3. Set strong passwords policies and use multi-factor authentication
Define strong, complex, and exclusive passwords to your accounts. Strong passwords usually combine twelve or more low and capital letters, numbers, and special characters (! @ # $% ^ & *).
Never share passwords with other users, redefine them every three months, and do not use the same password between sites or platforms. In case you need to share some passwords with other people, choose a digital vault or password vault for this.
Whenever possible, use two-factor (2FA) or multi-factor authentication (MFA) to add an extra layer of protection to passwords, primarily to finance, health, and other confidential accounts.
2FA and MFA increase security because the user must provide other information to log in successfully. An exclusive PIN, biometry (face recognition or fingerprint), or secondary device (phone or mail confirmation) are the most commonly used authentication methods.

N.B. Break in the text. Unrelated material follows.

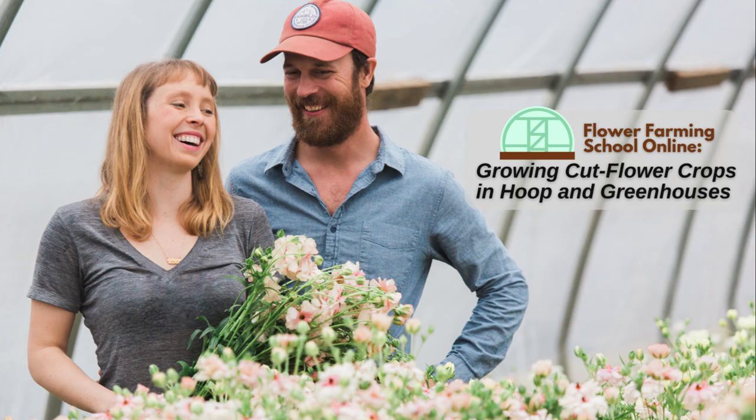Here's what a student named Vanessa has to say about Steve and Gretel's course: 'A fantastic course marketed as Growing in Hoops and Greenhouses, but don't let that title throw you off — there is so much information about growing different crops. The course is fun, informative, and what you need right now to grow your business. The best money you will ever spend is a course from people who have been there, made the mistakes, and are sharing the good, the bad, and the improved. You can't get more real than this course.'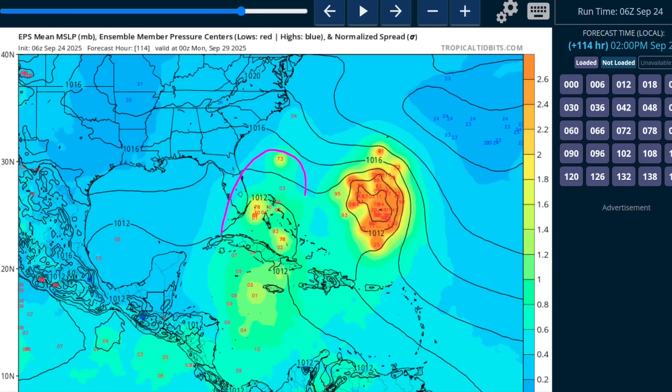There are 51 members of the European ensemble, and only a substantially smaller fraction shows development on the most recent run, so it's possible that development may not occur at all with 94L. But at the moment, a majority of models do depict a tropical cyclone forming somewhere in the Bahamas and beginning to move north.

4. Employ device and data encryption
Keep all user data away from applications—also, separate personal and business data. Apply strong encryption (AES-256 bits or superior), combined with strong passwords, to every sensitive and confidential data, mainly to personal, finance, and health information.
5. Be extra careful during online shopping
Be extra careful while shopping online for products and services, especially on unknown or untrustworthy websites.

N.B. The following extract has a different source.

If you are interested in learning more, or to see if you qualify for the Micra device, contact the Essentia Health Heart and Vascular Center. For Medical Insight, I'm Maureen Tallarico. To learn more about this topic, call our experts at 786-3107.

Before making a purchase, check if the website is secure: the URL must start with "HTTPS://" and contain a little lock figure on the side. Also, look into forums and user reviews websites if the store is reliable.
On the payment page, verify if shipping and payment information are correct. Always keep an electronic copy of the purchase receipt after confirming payment.

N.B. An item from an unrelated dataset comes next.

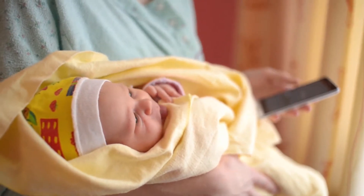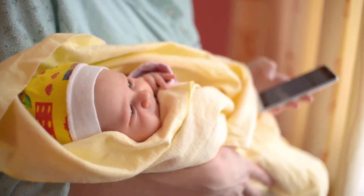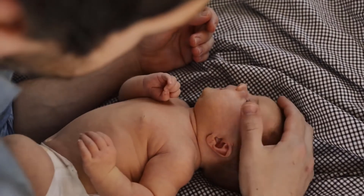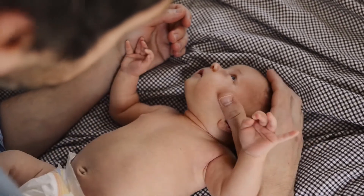Non-Contact Thermometer with 3 Modes. By pressing the button, you can measure the temperature of a room, a human, or a cup immediately. Easy switch between body mode, room mode, and object mode.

6. Before selling an old device, keep its hard drive clean, including persistent storage
If you're selling or discarding your laptop, tablet, or smartphone, it's essential to ensure your personal or sensitive information doesn't get passed along, as well. If someone hacks your device, a clean hard drive means less data that's accessed. 
But merely deleting files or data may not be enough since hackers and forensic experts can quickly restore it. Part of good cyber hygiene is reformatting and then wiping all persistent storage to keep your hard drive clean. For example, if you want to sell your computer and have used it for online banking, you'll want to consider disk-wiping to remove software and data from your hard drive.